──────── Exercise inputs
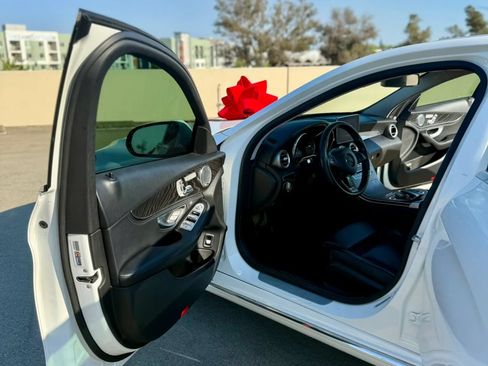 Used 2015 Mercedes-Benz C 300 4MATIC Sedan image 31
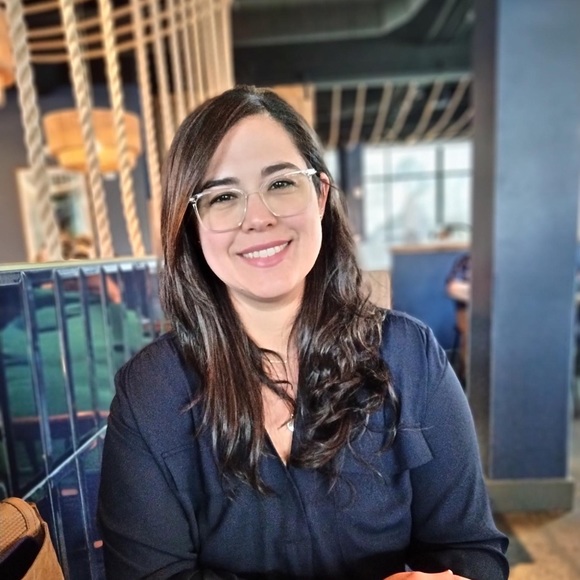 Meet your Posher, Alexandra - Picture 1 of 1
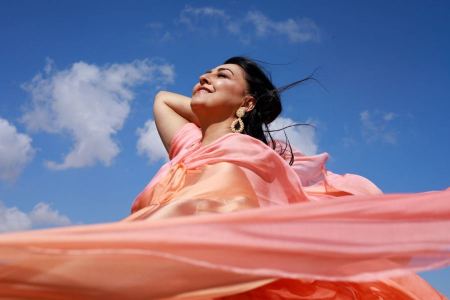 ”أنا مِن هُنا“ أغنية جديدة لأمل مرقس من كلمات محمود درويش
────────────────
──────── Exercise inputs
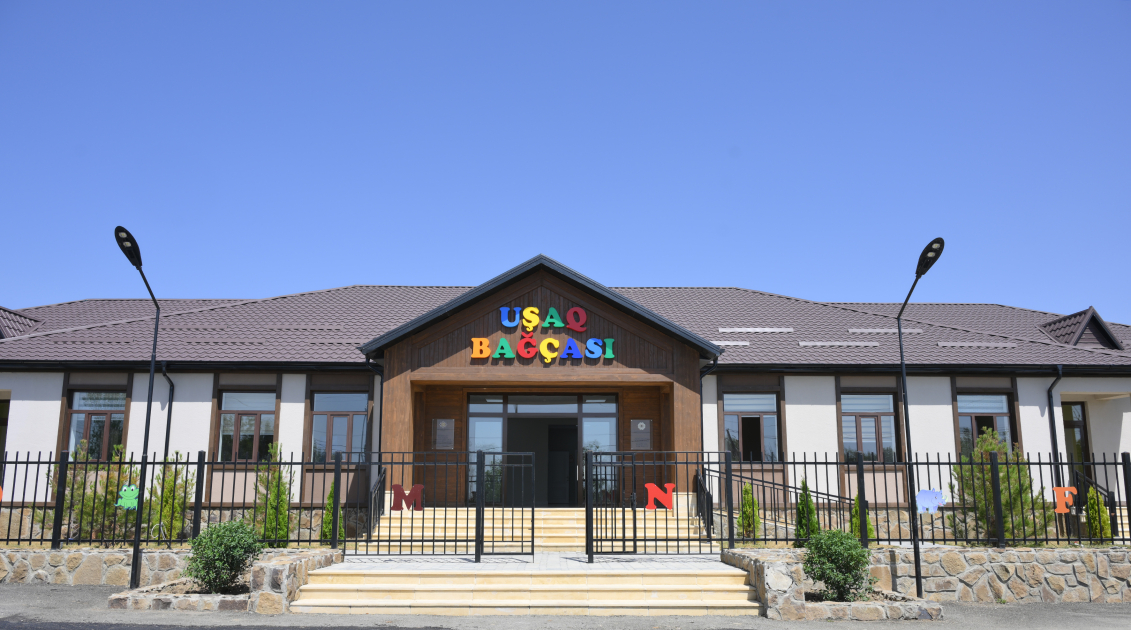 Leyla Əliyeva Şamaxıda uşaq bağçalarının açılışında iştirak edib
────────────────
What you will do: Where a picture appears in the records above, omit it, and transcribe exactly the stretch of lines from the one with "Meet your Posher, Alexandra - Picture 1 of 1" through the one with "كلمات محمود درويش".

Response to this task:
 Meet your Posher, Alexandra - Picture 1 of 1
 ”أنا مِن هُنا“ أغنية جديدة لأمل مرقس من كلمات محمود درويش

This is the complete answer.